Understanding intermediate representations of the concepts learned by deep
learning classifiers is indispensable for interpreting general model behaviors.
Existing approaches to reveal learned concepts often rely on human supervision,
such as pre-defined concept sets or segmentation processes. In this paper, we
propose a novel unsupervised method for discovering distributed representations
of concepts by selecting a principal subset of neurons. Our empirical findings
demonstrate that instances with similar neuron activation states tend to share
coherent concepts. Based on the observations, the proposed method selects
principal neurons that construct an interpretable region, namely a Relaxed
Decision Region (RDR), encompassing instances with coherent concepts in the
feature space. It can be utilized to identify unlabeled subclasses within data
and to detect the causes of misclassifications. Furthermore, the applicability
of our method across various layers discloses distinct distributed
representations over the layers, which provides deeper insights into the
internal mechanisms of the deep learning model.
Unsupervised Method for Discovering Distributed Representations of Concepts in Deep Learning
Understanding the intermediate representations of concepts learned by deep learning classifiers is crucial for interpreting the general behaviors of these models. However, most existing approaches rely on human supervision or predefined concept sets, limiting their applicability and interpretability. In this paper, a novel unsupervised method is proposed, which aims to discover distributed representations of concepts by selecting a principal subset of neurons.
The key finding of this study is that instances with similar neuron activation states tend to share coherent concepts. Based on this observation, the proposed method selects principal neurons to form an interpretable region called a Relaxed Decision Region (RDR). The RDR encompasses instances with coherent concepts in the feature space, allowing for the identification of unlabeled subclasses within the data and the detection of causes of misclassifications.
One of the notable aspects of this approach is its interdisciplinary nature. It combines concepts from deep learning, unsupervised learning, and interpretability research. By leveraging unsupervised learning techniques, the method avoids the need for labeled data or human supervision. This makes it more scalable and applicable to real-world scenarios where labeled data may be scarce or expensive to obtain.

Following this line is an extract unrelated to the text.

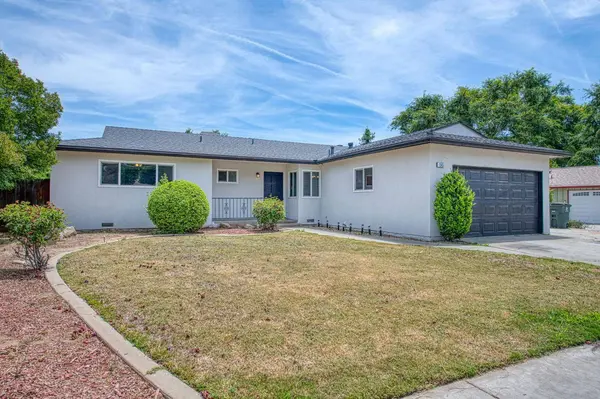 1545 Sunnyside AVE, Clovis, CA 93611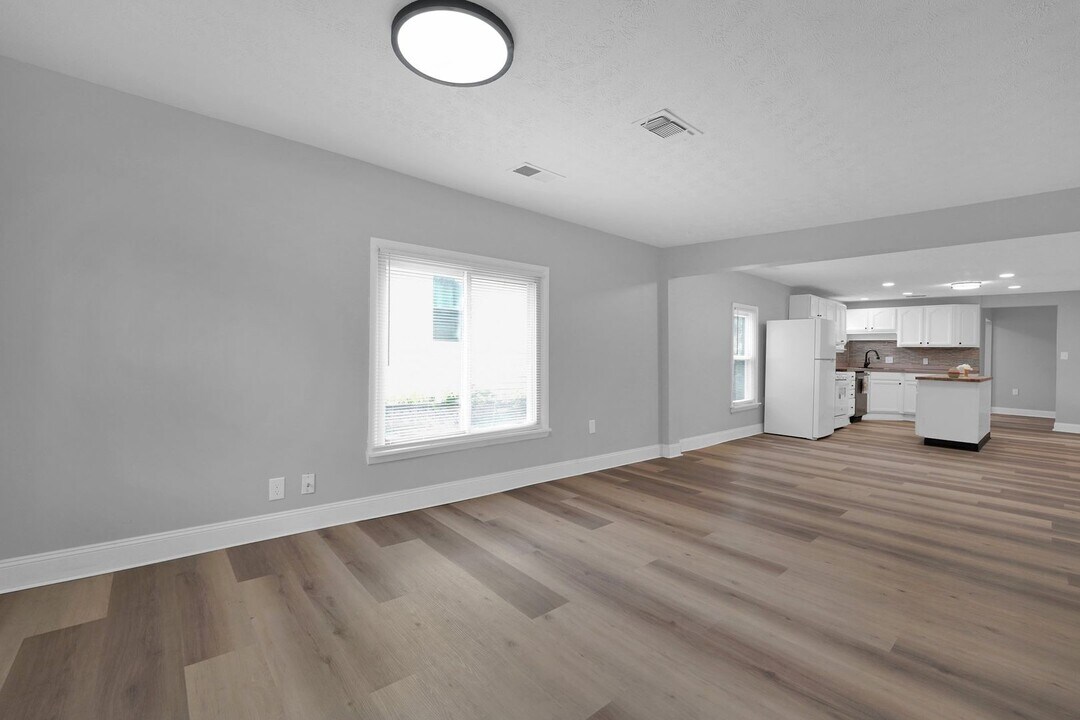 1071 Whitethorne Ave in Columbus, OH - Building Photo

Moreover, the discovery of distributed representations over various layers reveals distinct internal mechanisms within the deep learning model. This provides deeper insights into how information is processed and transformed across different levels of abstraction. The multi-disciplinary nature of this study is particularly valuable, as it bridges the gap between deep learning theory and interpretability research.
The results from empirical findings demonstrate the effectiveness of the proposed method. By selecting principal neurons that form coherent regions in the feature space, the method successfully uncovers meaningful concepts learned by deep learning classifiers. This opens up possibilities for understanding and interpreting the inner workings of these models in a more transparent and understandable manner.
In conclusion, this paper presents a novel unsupervised method for discovering distributed representations of concepts in deep learning. By selecting principal neurons that form interpretable regions, the proposed method enables the identification of unlabeled subclasses and the detection of misclassifications. Its interdisciplinary nature and ability to provide deeper insights into the internal mechanisms of deep learning models make it a valuable contribution to both the deep learning and interpretability research communities.